* WHAT THE TASK REQUIRES *
The reply should contain every entry below exactly as written, with no images.

* AVAILABLE DATA *

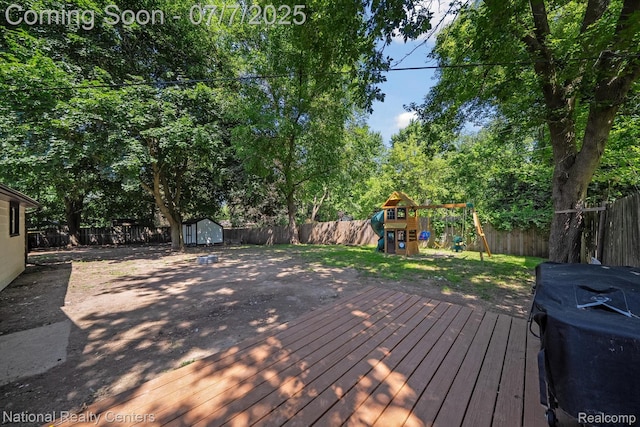 4714 Monterey Ave, Clarkston, MI 48348 - wooden deck with a playground, a shed, and a fenced backyard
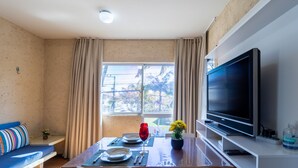 A modern room with a dining table, chairs, a sofa, a TV, and a window with curtains. - Apt 6 min From the sea in Canasvieiras-sc Rba201 (Florianópolis)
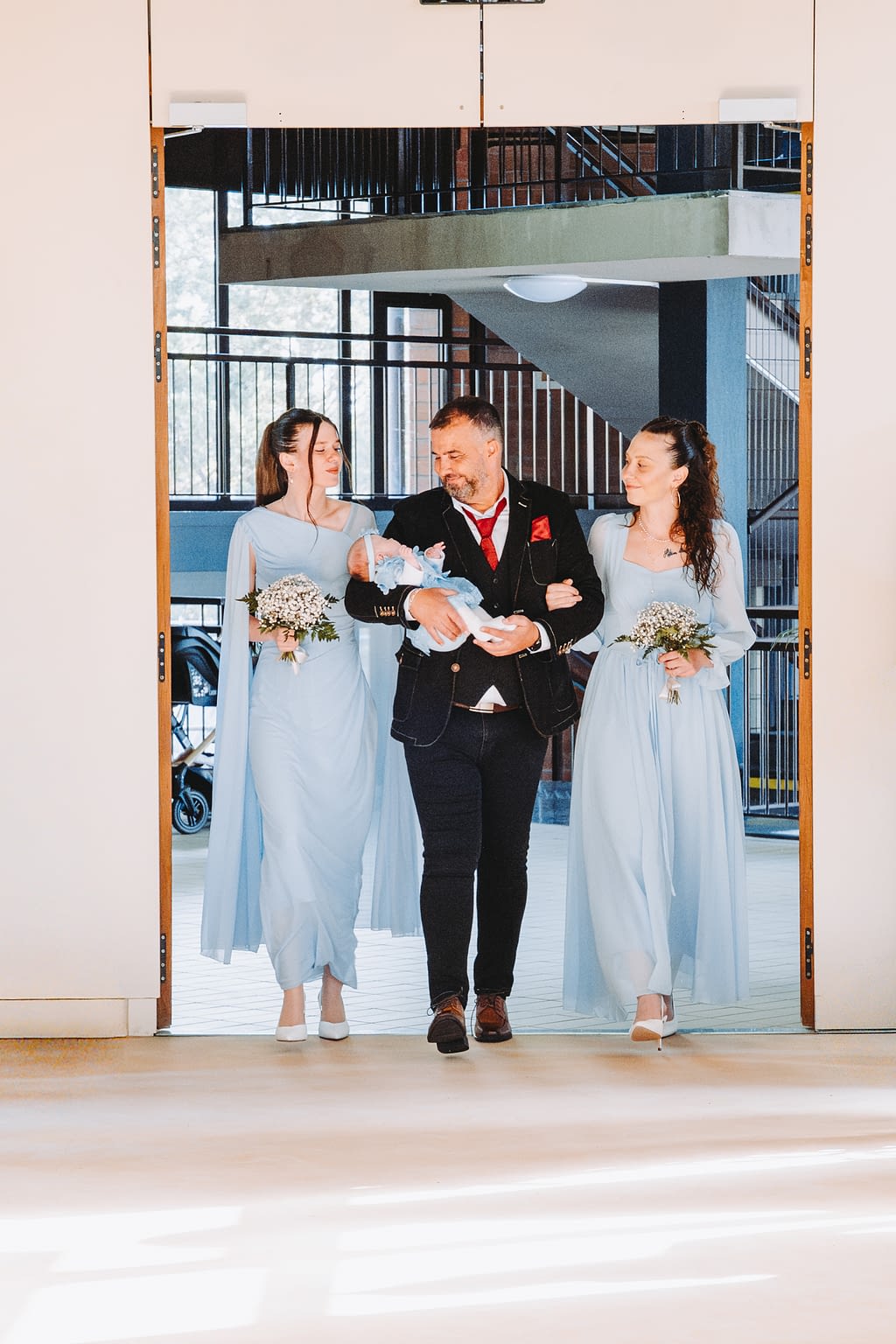 Photographie d'un marié qui entre dans la mairie accompagné par ses 2 filles et portant son dernier enfant dans les bras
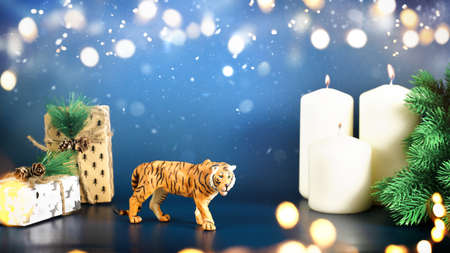 Banner for Christmas and New Year Christmas tree, snowflakes, on blue background, tiger symbol Chinese zodiac calendar. High quality photoの写真素材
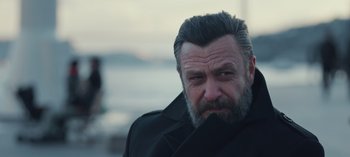 Movie still from “10 Days of a Bad Man” (2023), directed by Uluç Bayraktar – A person with a beard wearing a black coat; Close Up shot, Over the shoulder angle
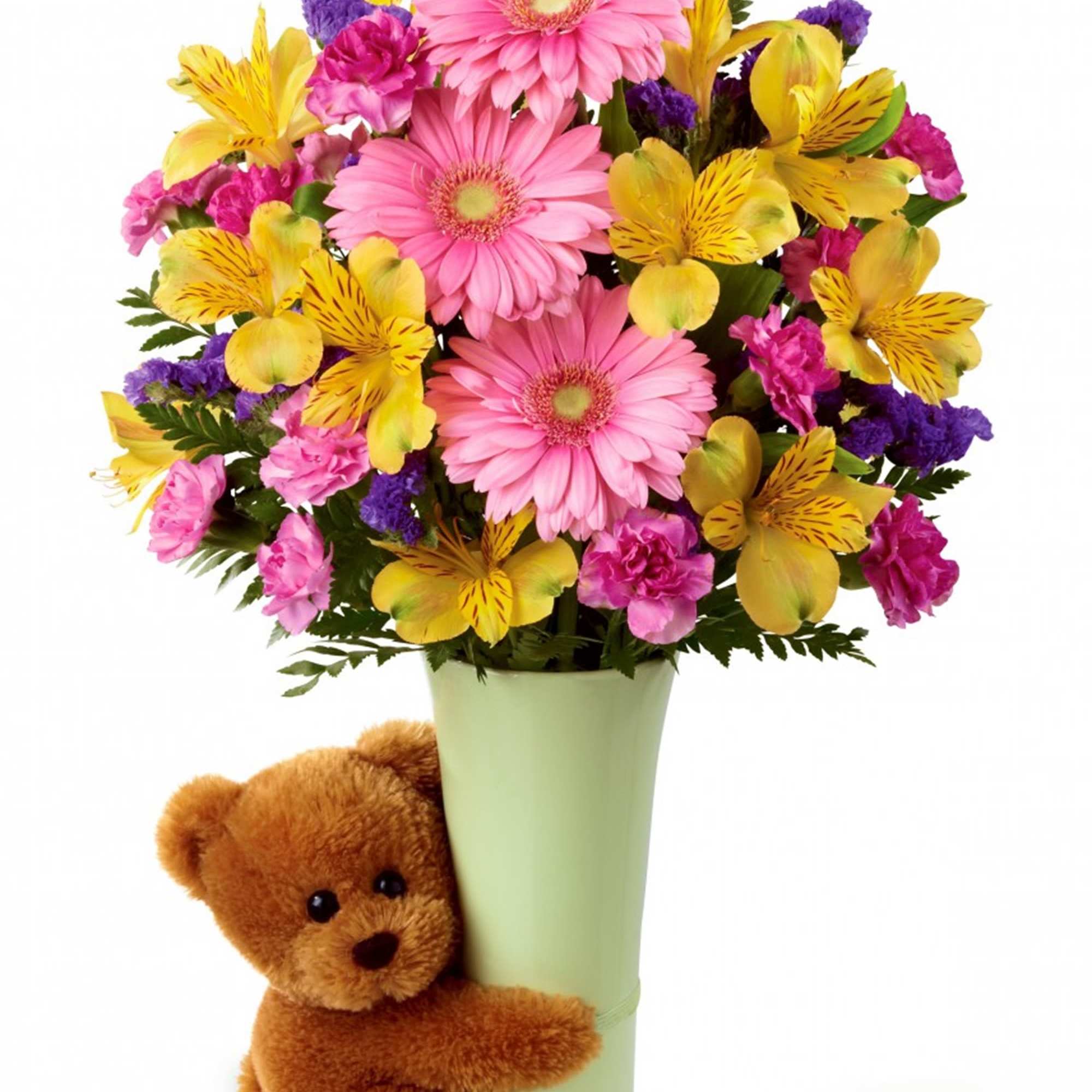 Pink and yellow mixed bouquet in a green vase with a teddy bear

* OUTPUT *
 4714 Monterey Ave, Clarkston, MI 48348 - wooden deck with a playground, a shed, and a fenced backyard
 A modern room with a dining table, chairs, a sofa, a TV, and a window with curtains. - Apt 6 min From the sea in Canasvieiras-sc Rba201 (Florianópolis)
 Photographie d'un marié qui entre dans la mairie accompagné par ses 2 filles et portant son dernier enfant dans les bras
 Banner for Christmas and New Year Christmas tree, snowflakes, on blue background, tiger symbol Chinese zodiac calendar. High quality photoの写真素材
 Movie still from “10 Days of a Bad Man” (2023), directed by Uluç Bayraktar – A person with a beard wearing a black coat; Close Up shot, Over the shoulder angle
 Pink and yellow mixed bouquet in a green vase with a teddy bear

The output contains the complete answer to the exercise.